In their lawsuit, Sigma-Aldrich and Oxford BioMedica allege that Open Biosystems' RNAi Consortium shRNA lentiviral library "comprises shRNA cloned into the HIV-1-based vector pLKO.1.”
This vector, the suit states, "contains a chimeric 5' LTR including an RSV promoter sequence [that is designed to] permit use of the vector together with a specific viral packaging system that creates infectious HIV-1-based viral particles while also providing researchers maximal biosafety."
Additionally, Open Biosystems' shRNAmir libraries — which comprise miRNA-adapted shRNAs in the lentiviral-based expression vector pCMV-GIN-ZEO and include a 5' LTR modified to include a CMV promoter sequence — include constructs that produce "viral particles capable of transducing slowly dividing or non-dividing cells."
Sigma-Aldrich and Oxford BioMedica claim that the production of such particles infringes the '123 and '699 patents.
Two months after being served, Open Biosystems countersued, claiming that it does not infringe the intellectual property and asking that the suit be dismissed (see RNAi News, 8/3/2006).
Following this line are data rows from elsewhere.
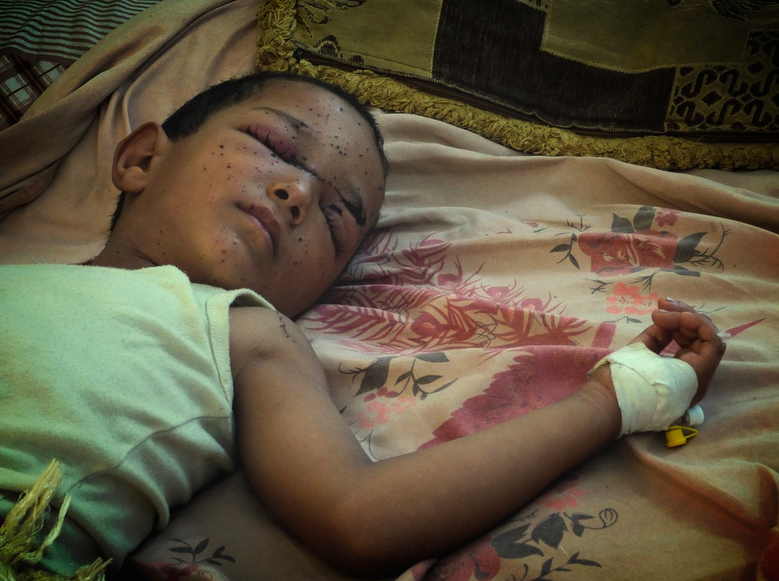 Four-year-old Faiz al-Olfi lies sleeping in al-Naqeeb hospital in Yemen’s southern city of Aden, his face speckled with tiny shrapnel wounds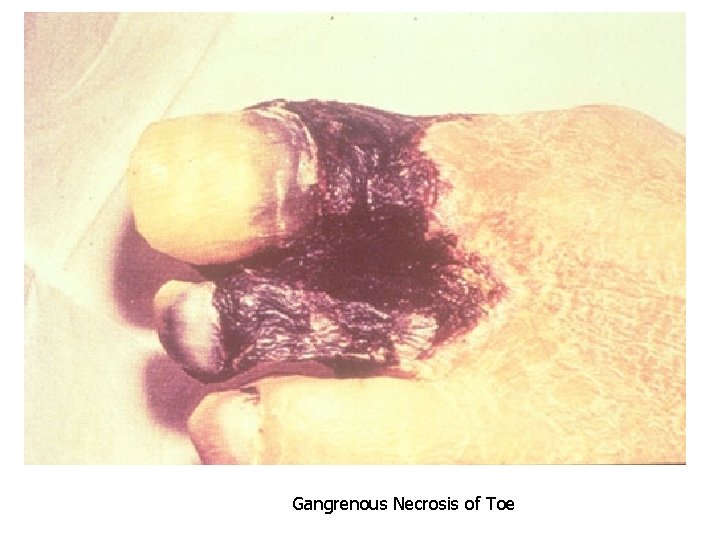 Gangrenous Necrosis of Toe 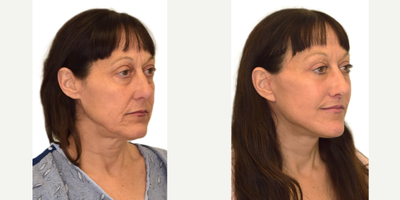 55-64 year old woman treated with Deep Plane Facelift, Brow Lift, Facial Fat Transfer, Eyelid Surgery, Lip Lift, Ellacor - 1. Extended deep-plane facelift2. Temporal brow lift3. Fat grafting to tear troughs and nasolabial folds4. Upper blepharoplasty5. Lip lift6. Ellacor to the forehead and perioral region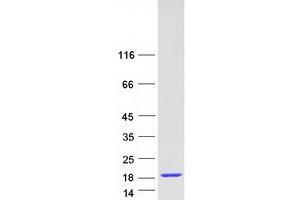Western Blotting (WB) image for NHP2 Non-Histone Chromosome Protein 2-Like 1 (NHP2L1) (Transcript Variant 1) protein (Myc-DYKDDDDK Tag) (ABIN2727262)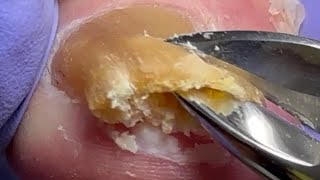 Trim onychomycosis super thick nails very large nails【Doctor Liu Pedicure】 [upl. by Isidoro717]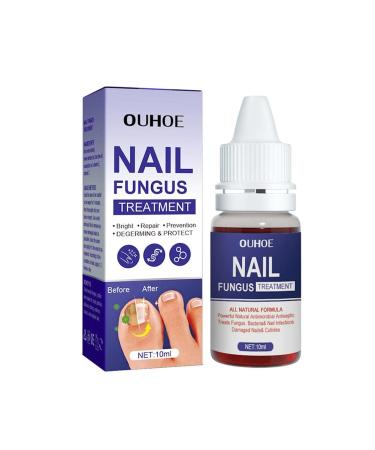 ZERZK 10ml Repair Nail Fungus Treatments Essence Foot Care Nails AntiInfection Toe Fungus Serum Onychomycosis Removal Gel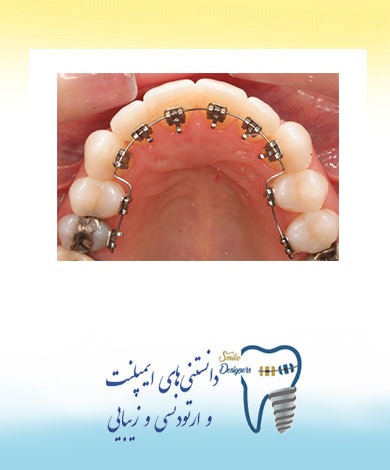 براکت پشت دندانی معایب و مزایای براکت پشت دندانی یا لینگوال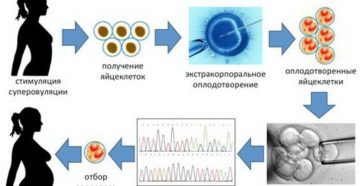 Генетический анализ эмбриона при эко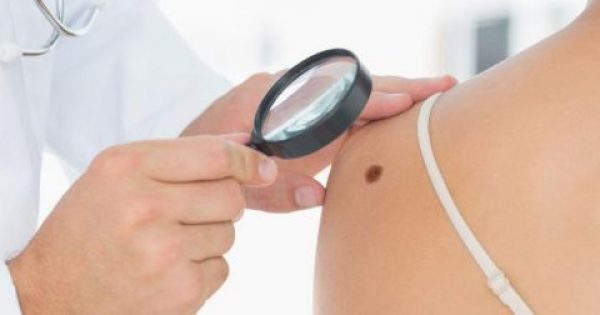 Έτσι θα αναγνωρίσετε τα επικίνδυνα συμπτώματα του καρκίνου του δέρματος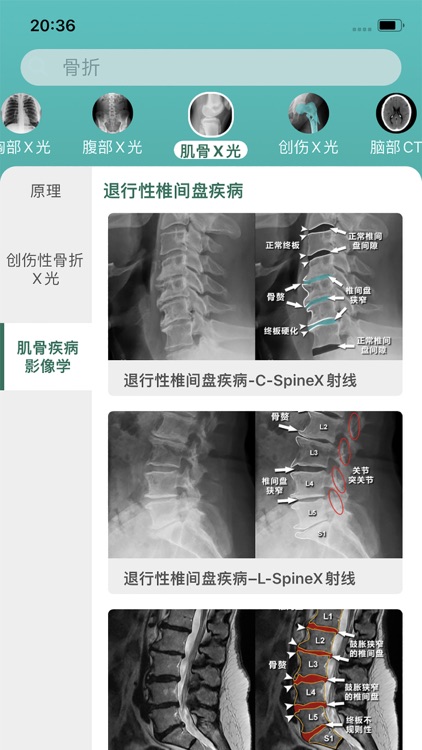 影像图谱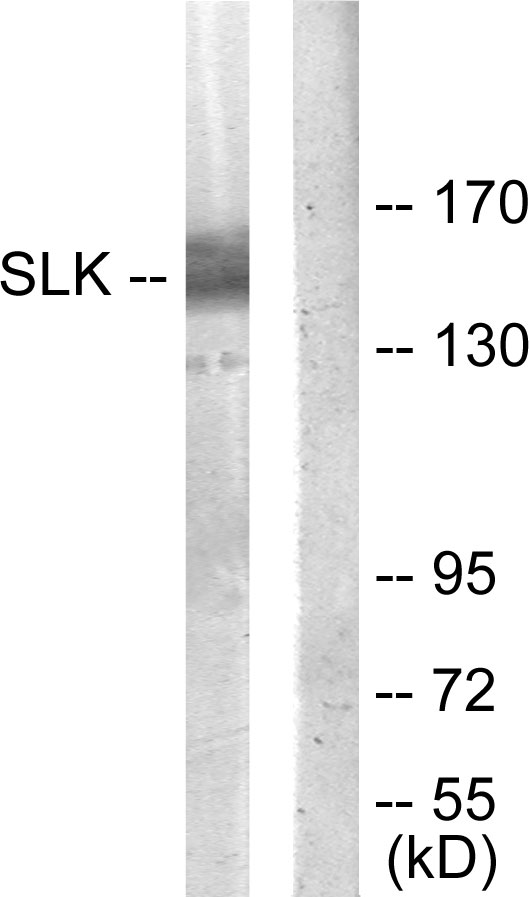 SLK Antibody - Western blot analysis of lysates from COLO205 cells, using SLK Antibody. The lane on the right is blocked with the synthesized peptide.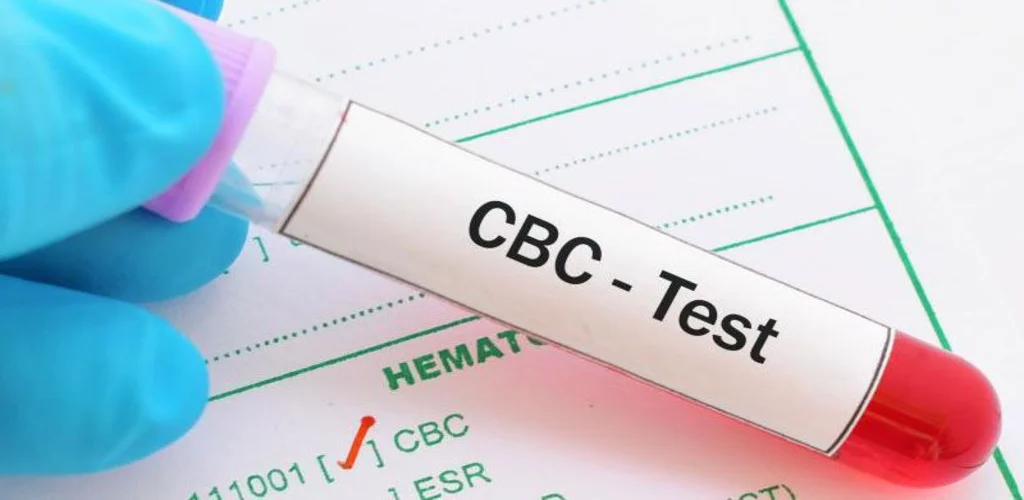 Complete Blood Count (CBC) – Everything You Should Know About It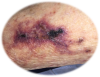 Calci.png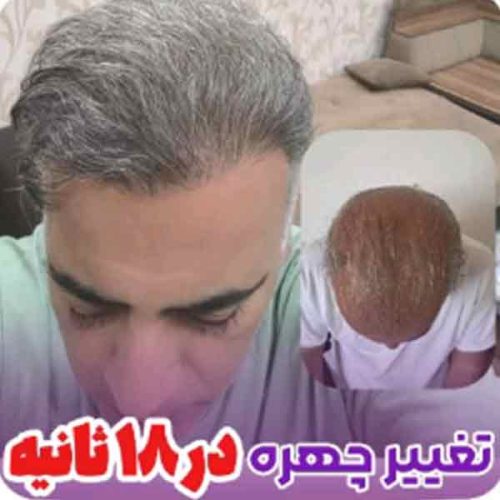 hair-transplant23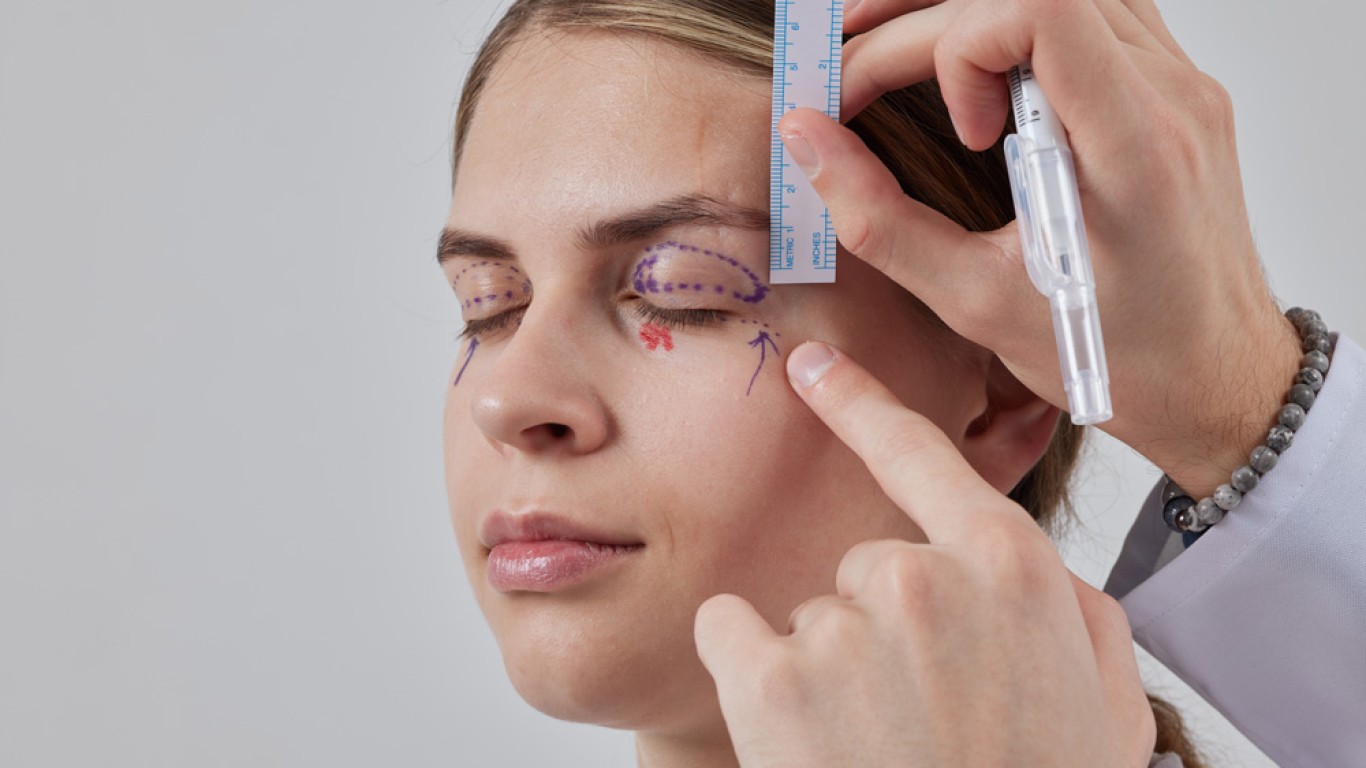 Upper Blepharoplasty: What is it, Cost, Procedure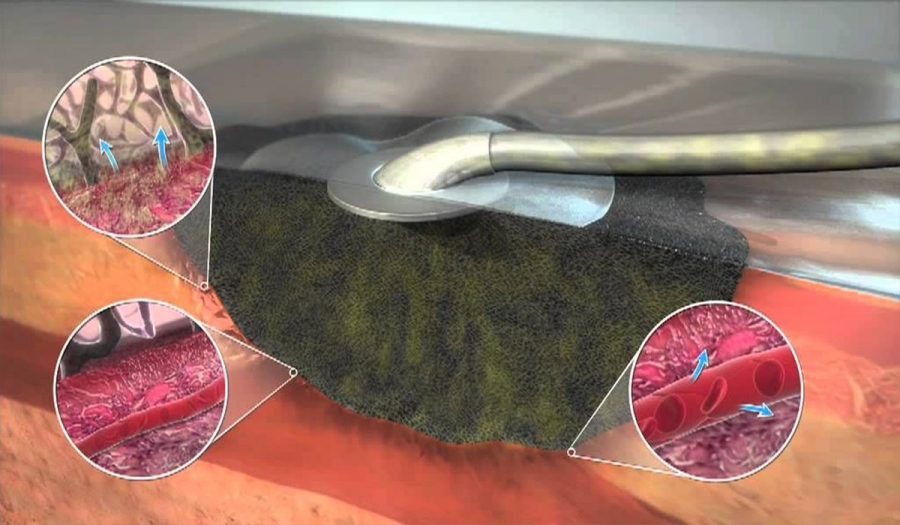 VAC- терапія  - ефективний порятунок від хронічних ран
Early this year, Open amended the countersuit to accuse Sigma-Aldrich of unfair competition and economic interference (see RNAi News, 1/18/2007).
In May, Open Biosystems asked the court to block Sigma-Aldrich and Oxford BioMedica from requesting information in four categories that are “unduly vague and ambiguous, place an undue burden on Open [Biosystems], and/or are not reasonably calculated to lead to the discovery of admissible evidence” (see RNAi News, 5/24/2007).
Two months later, the court rejected Open Biosystems’ year-old request to dismiss the case, but partially denied and partially granted its request for a protective order.